Later in the workshop they had a chance to have a go themselves at writing little arias to the tune of “Greensleeves”, which Lisa Dafydd, one of our brilliant singers then sang for them, having already performed an aria for them. They found it incredibly engaging and fun to have a professional engage with their work on such an immediate level, and in trying it themselves, they discovered the difficulty and satisfaction of writing to a meter, while maintaining rhyme and sense.
In subsequent workshops we have asked them to design costumes, direct and light tableaux, learn a chorus from the opera Imeneo, and finally volunteer for various small roles within the opera company and participate alongside and amongst the incredible top class professionals that we have working on the show.

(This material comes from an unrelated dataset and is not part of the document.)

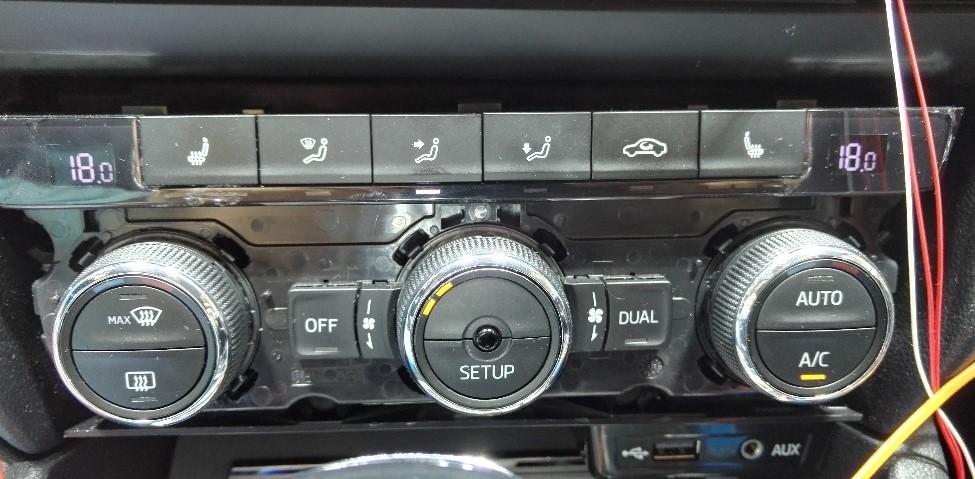 Obr. 36 Ovládací panel ŠKODA Octavia 3 7.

All this work means that their efforts have had actual tangible input into the outcomes of the show, which has been tremendously exciting to facilitate.

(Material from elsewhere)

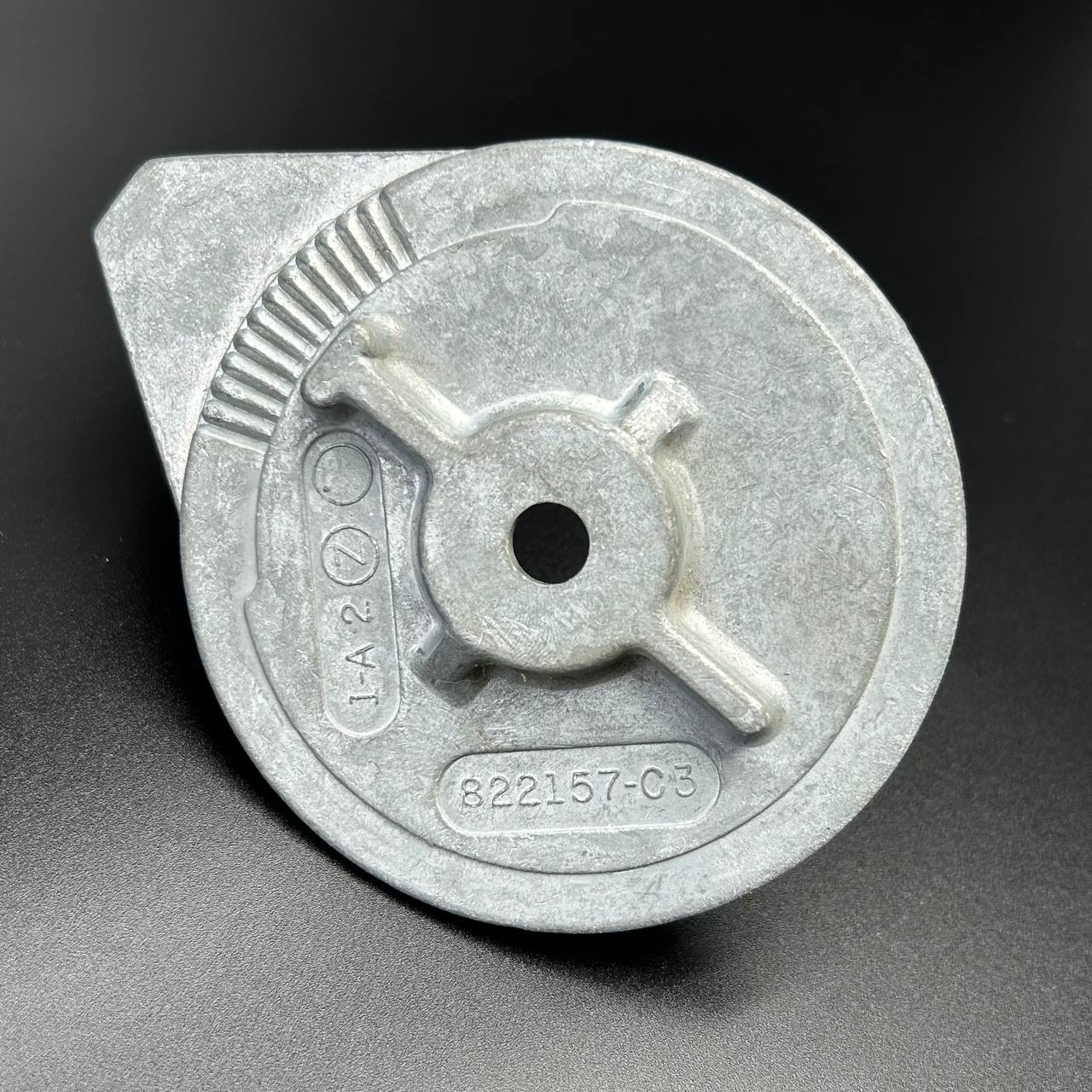 картинка Анод редуктора Mercury/Mariner (Цинковый) (822157C3) (Quicksilver)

CHOC is a small charity that punches well above its weight in what it delivers both artistically on stage and educationally with students. It is part of this country’s rich culture of fringe opera companies doing ambitious, exciting work on small budgets but with impressive results. I have had the privilege of directing operas for many other such companies like the also brilliant Regent’s Opera and Wild Arts, always with superb singers who are otherwise performing solo roles with the top UK companies - ENO, Opera North, and Opera Holland Park. Going back to Handel, it is an amazing example of how opera has again reinvented itself in this country to provide opportunities for emerging (and now also established) singers and musicians, to deal with budgetary restraints and funding deficits, to serve local communities, and to make novel work that would be much more difficult in the larger institutions. Fringe opera has become an important part of the UK’s unique operatic ecosystem in which each company has its part to play.
Education work is a big part of what these fringe companies can deliver superbly well to local communities and audiences. These days, for better or worse, the Arts Council does not fund opera projects unless they have a value beyond their intrinsic excellence as performance art. This means that all funding applications have to consider how they will impact the local community positively (amongst many other considerations), and so fringe companies often tie their work into education work to get access to Arts Council grants.
While this might seem like a dutiful box-ticking exercise, often it turns out to be a superbly enjoyable and meaningful part of the experience of putting on an opera, and I encourage anyone approaching education work with any trepidation to throw themselves into it with as much passion and creativity as they would their “day job”. There are two things to consider to spur you on: first, to echo an oft repeated grim warning about political freedom, we are only ever a generation away from the things that we love most in our culture fading away forever. We are all custodians of that culture, and if you love something and have gratefully benefitted from those who came before you, you have a duty to pay it forward and pass it on to the next generation.
For me this debt of gratitude is to my County Music Service (East Sussex, now sadly much diminished), and my instrumental teachers and mentors. BUT secondly (and here’s the lucky part!) there are few things as genuinely satisfying as passing on the thing you love and cherish to the next generation, and supporting younger artists in their creative development and in finding their own artistic voice.
I have taught and directed many young singers at Guildhall School of Music and Drama, who are already well on their way, but the same principle applies at any age. Whatever that thing that you love is - be it singing, or playing, or dance, or lighting, or writing, or directing - speak about it with the full passion you have for it, and those people (young or old) for whom your message is destined will hear it and resonate with it, and then take it up and run with it for the rest of their lives. You can’t reach everyone, and opera doesn’t need to be listened to by all, but there are so many people for whom the door has yet to be opened.